Oggi, per esempio, il dibattito sull’Europa e sulla sovranità dovrebbe vederlo al centro della riflessione avendo dedicato al tema buona parte dei suoi interessi. Ricordiamo, ad esempio, il suo intervento sul Trattato di pace che il filosofo denunciò come un’offesa all’Italia nello sbigottito e vile silenzio della nuova classe dirigente repubblicana. In quel memorabile e coraggioso discorso, certamente il più coinvolgente tra i moltissimi pronunciati, Croce, il 24 luglio 1947, davanti all’Assemblea costituente, disse: «Noi italiani abbiamo perduto una guerra, e l’abbiamo perduta tutti, anche coloro che l’hanno deprecata con ogni potere, anche coloro che sono stati perseguitati dal regime che l’ha dichiarato, anche coloro che sono morti per l’opposizione a questo regime, consapevoli come eravamo tutti che la guerra sciagurata, impegnando la nostra patria, impegnava anche noi, senza eccezioni, noi che non possiamo distaccarci dal bene e dal male della nostra patria, né dalle sue vittorie né dalle sue sconfitte. Ciò è evidente»

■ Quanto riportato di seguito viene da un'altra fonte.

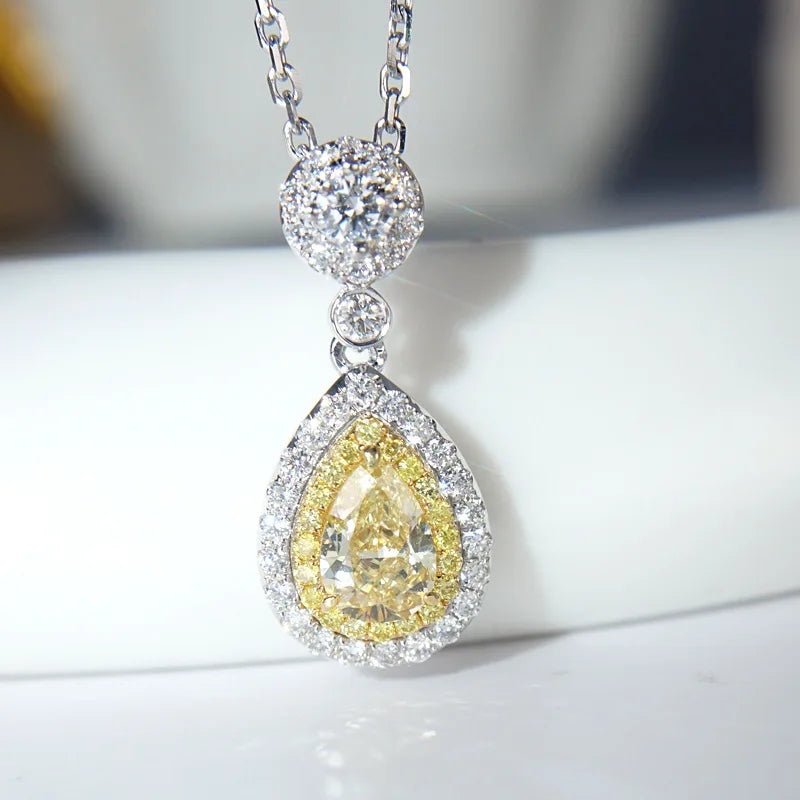 Vintage Silver Yellow Pear Shape Zircon Necklace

Non per tutti era pacifico ed evidente, come si sa. Se così fosse stato la pacificazione nazionale sarebbe stato il naturale come auspicava Croce punto d’incontro di tutte le forze politiche che per oltre mezzo secolo (ed ancora oggi) non si sa-
rebbero combattute al punto di perdere di vista il perseguimento del bene comune a cui pure il filosofo aspirava riconoscendo nelle degenerazioni del partitismo il punto di non ritorno di un Paese lacerato. A chi gli rimproverava una certa accondiscendenza nei confronti di Togliatti, proconsole di Stalin, Croce, al tempo del governo di Salerno, ne riconosceva la «necessità» ancorché mitigata dalla diffidenza ricambiata da parte dei comunisti che lo volevano morto alla stessa stregua di Gentile, tolto di mezzo nell’aprile 1944, ed il cui assassinio, come ricorda Desiderio, il «Migliore» rivendicò senza riserve. Ma il rapporto con i comunisti fu breve ed insoddisfacente. Il filosofo della libertà non poteva convivere con chi sosteneva un’ideologia nel cui nome commetteva crimini di indescrivibile brutalità. Le strade si separarono per non incontrarsi mai più. L’impegno politico e filosofico di Croce nel dopoguerra fu quasi del tutto rivolto alla critica al potere fondata sulla difesa dei diritti della persona e nell’inalienabile aspirazione alla libertà dei popoli. Al fondo della sua vita pubblica e privata, come si desume dalla biografia di Desiderio, Croce emerge come «l’italiano della verità», oppositore di tutti i totalitarismi, che ha in sé il «senso vivente della moderna storia italiana».
Per quanto si possa non dirsi crociani, parafrasando un celebre scritto del filosofo, è altrettanto impossibile da lui prescindere nel decifrare il nostro tempo, ma ancor più le avventure dello spirito che ha animato nel nostro inquieto Novecento.